After graduating university, you started your career path. How did it progress to the Head of Sales and Marketing at Giraitės Ginkluotes Gamykla?
I started my career in the field of sales before the studies of  Economics at Vytautas Magnus University. As far back as I can remember, my father’s activities have always been related to commerce. That attracted me into the field of sales. My career was varied: I was selling bolts, trousers, soap, curtains and grain. At present, I sell ammunition.

To sell, you need negotiation. In your opinion, are negotiations more of a battle or as a base of selling art? What rule do you follow in the process of negotiations?
Contrary to what many believe, negotiations begin long before a real discussion takes place. Before any negotiation takes place, first, interest must be shown by all parties involved and the situation is carefully analysed. We must be of negotiations, with the field knowledge and an understanding of the client’s expectations. They say, the best negotiations are when both, counterparts are satisfied… or dissatisfied. And the all-embracing rule of negotiation is this: listen and hear.

The sales manager is a leader in the company. What strategic sales goals have you set?
I think, growth, as a strategic goal, is pursued by many executives. That is what I seek, too. Growth can be understood not only in quantitative terms, but also geographically, brand awareness, product range, number of customers, etc.

The company's production is focused on two market segments – ammunition for civilian use and ammunition for military use. What measures help maintain competition in these market segments?
I would not agree that these two segments are competing. Rather, they complement each other. The concept of the ammunition market is quite complex, as is the production. In fact, the ammunition market could be divided into 3 parts: civil, military and law enforcement. All parts interact and often complement each other. A great example of this is our riflemen volunteers, a paramilitary structure made from civilians to support law enforcement in military conditions.

What are the present and growth prospects for the GGG brand?
In my opinion, the situation for the GGG brand today is really good. Even being small, with a limited product range, we ceded to establish ourselves in the complicated global ammunition market, emphasizing quality and customer focus. The market appreciates this. I believe our prospects are excellent.

A total of 5 distribution channels in Lithuania, 11 distribution channels in the international market, export to 30 countries around the world. In which countries and market segment do you see the biggest sales potential? What are your ambitions for expanding GGG sales channels?
Right now I see the greatest potential in the US. They have a huge market, albeit complicated. I think the countries of the Middle East are also very promising. 
In terms of goals, I would like to see a strong and reliable partner in each country (that is, countries to which we can export).
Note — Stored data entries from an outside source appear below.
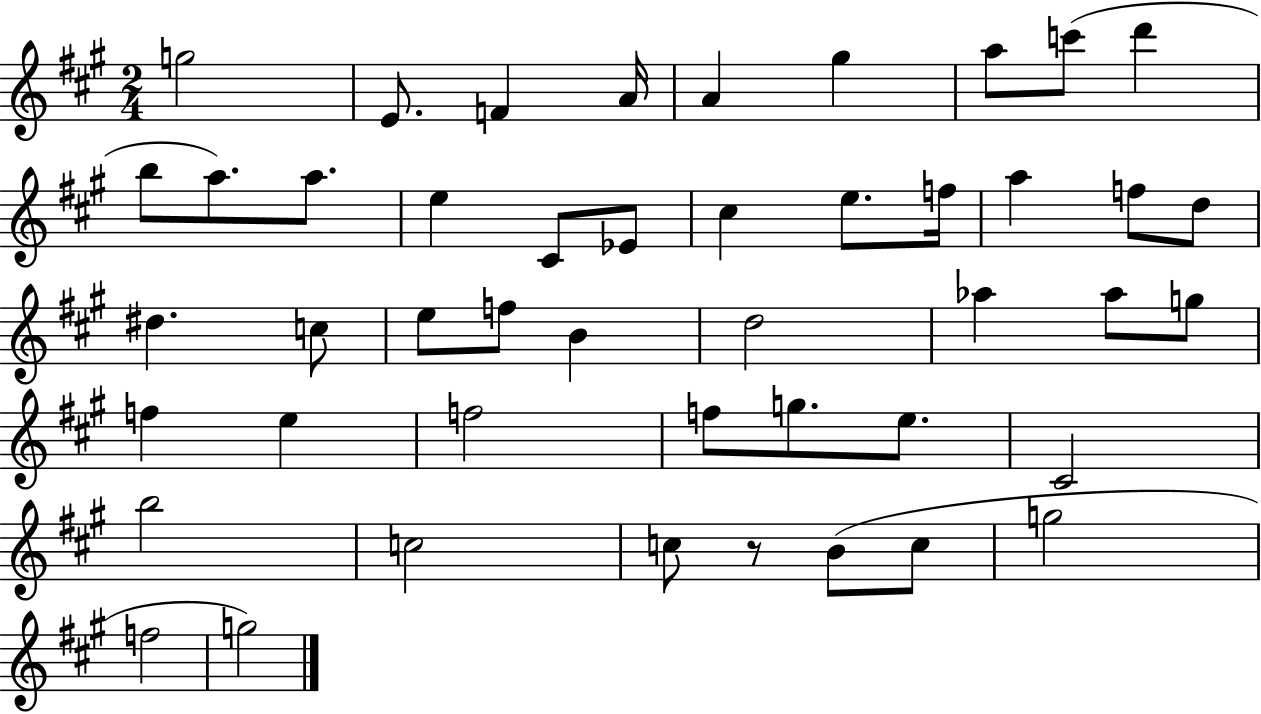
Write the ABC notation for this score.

X:1
T:Untitled
M:2/4
L:1/4
K:A
g2 E/2 F A/4 A ^g a/2 c'/2 d' b/2 a/2 a/2 e ^C/2 _E/2 ^c e/2 f/4 a f/2 d/2 ^d c/2 e/2 f/2 B d2 _a _a/2 g/2 f e f2 f/2 g/2 e/2 ^C2 b2 c2 c/2 z/2 B/2 c/2 g2 f2 g2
The dynamic of sales volumes is different every year. What are the main reasons for these fluctuations?
Acting in a global context, we are depended on an infinite number of factors. These can be military conflicts or natural cataclysms, exchange rate fluctuations, or political events. The ability to adapt to changing circumstances and to respond flexibly to emerging opportunities or threats is one of GGG strengths. Today, the general trend of growth remains. In response to it, GGG has implemented a third additional shift. However it is very important to see and evaluate changing situations and yourself in them. It allows to gain strength and confidence.

What is the most successful decision for your career?
It was my choice to work with the trade raw materials. Perhaps not quite directly but this led me to GGG as well.

What do you think about the business myth that the customer is always right?
Well, I wouldn't call it a myth and, in fact, I agree with it... On one condition. You can't sacrifice yourself and lose your mind about it. If you eventually realize that the customer is not necessary right, he is probably not your customer.

You have traveled to many countries around the world. What country would you like to live in? Why?
In Lithuania. I like it here.

Gytis, more often do you do what you believe in, or try to believe in what you do?
It is very important for me to do what I believe in. If I succeed, I see great results.

And finally, if you had to give a short message to a news portal describing the company's activities, how would it sound?
In Lithuania GGG is an excellent (and the only one) defense industry company with great prospects. We need to appreciate that and rejoice about it.